* _Extracted material_
=== Section Start ===

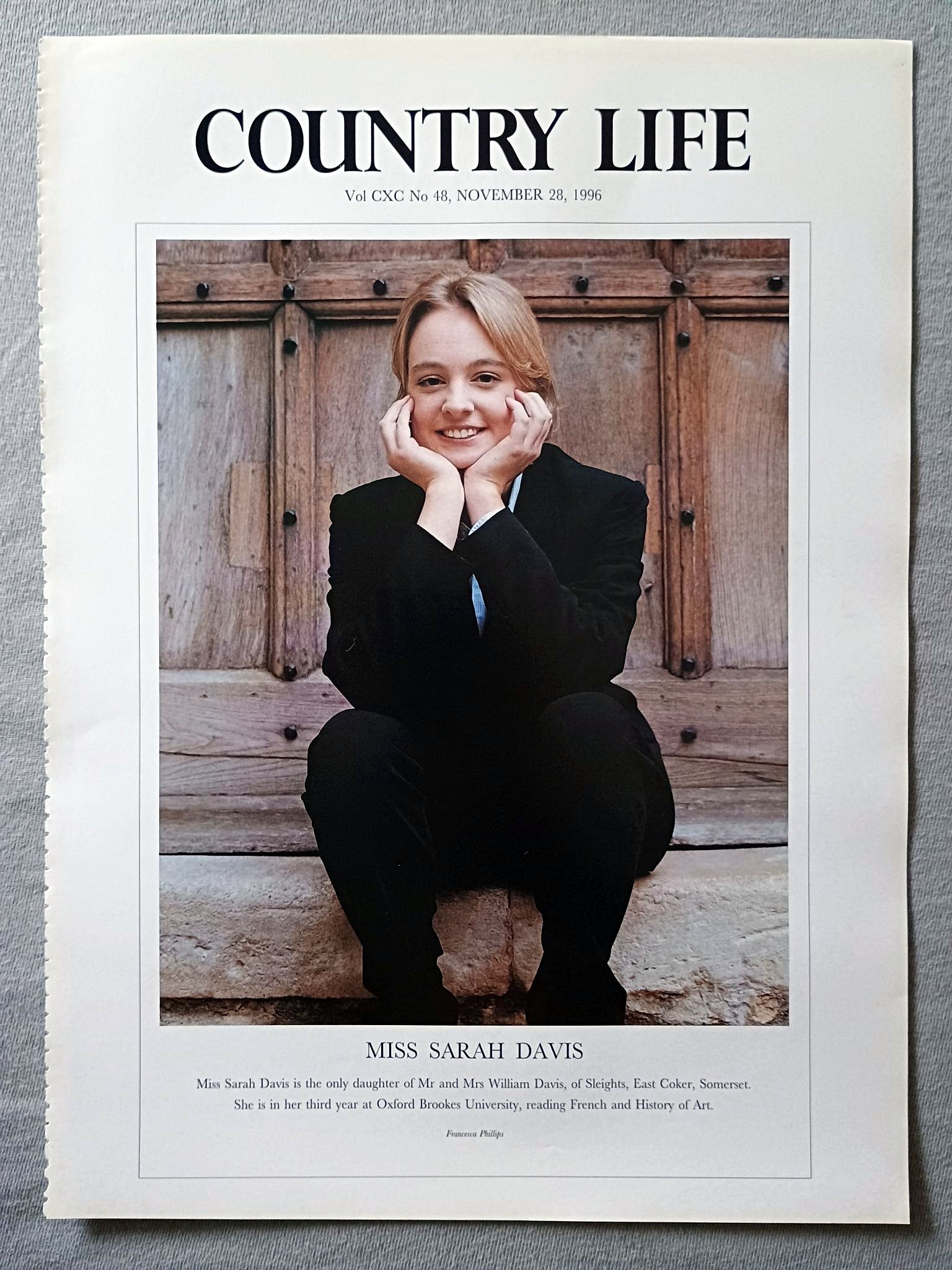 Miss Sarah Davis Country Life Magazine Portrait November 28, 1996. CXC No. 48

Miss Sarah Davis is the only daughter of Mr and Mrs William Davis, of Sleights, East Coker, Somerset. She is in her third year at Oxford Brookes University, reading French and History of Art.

=== Section End ===
=== Section Start ===

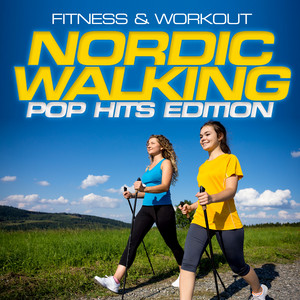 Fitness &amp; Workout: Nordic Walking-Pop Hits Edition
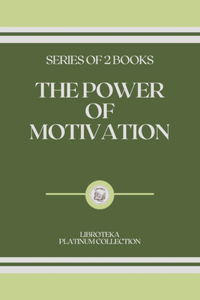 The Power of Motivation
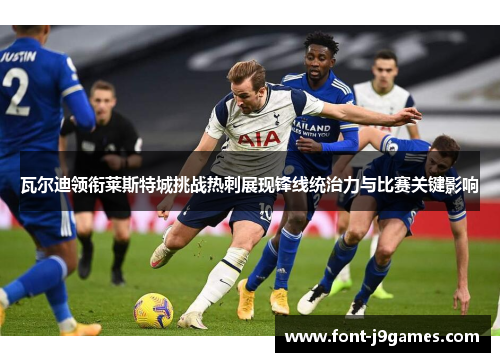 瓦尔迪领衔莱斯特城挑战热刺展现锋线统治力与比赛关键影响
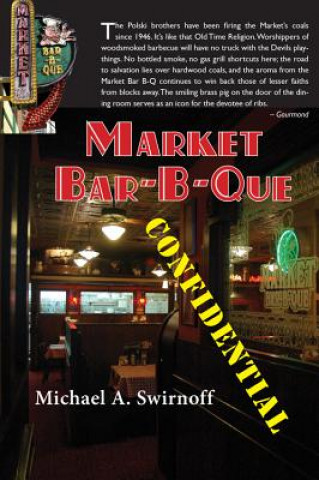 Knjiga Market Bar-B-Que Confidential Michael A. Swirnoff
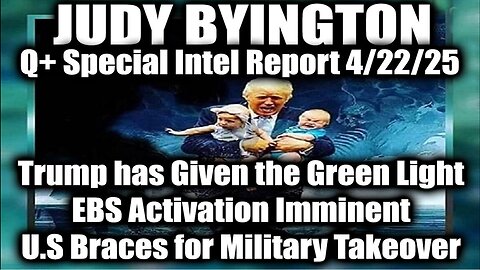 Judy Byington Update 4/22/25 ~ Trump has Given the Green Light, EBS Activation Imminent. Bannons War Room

=== Section End ===

* _Task_
In the listing above, find the line with "Miss Sarah Davis Country" and the line with "Miss Sarah Davis is". Copy exactly those two and every line between, without the pictures.

* _Solution to this task_
 Miss Sarah Davis Country Life Magazine Portrait November 28, 1996. CXC No. 48

Miss Sarah Davis is the only daughter of Mr and Mrs William Davis, of Sleights, East Coker, Somerset. She is in her third year at Oxford Brookes University, reading French and History of Art.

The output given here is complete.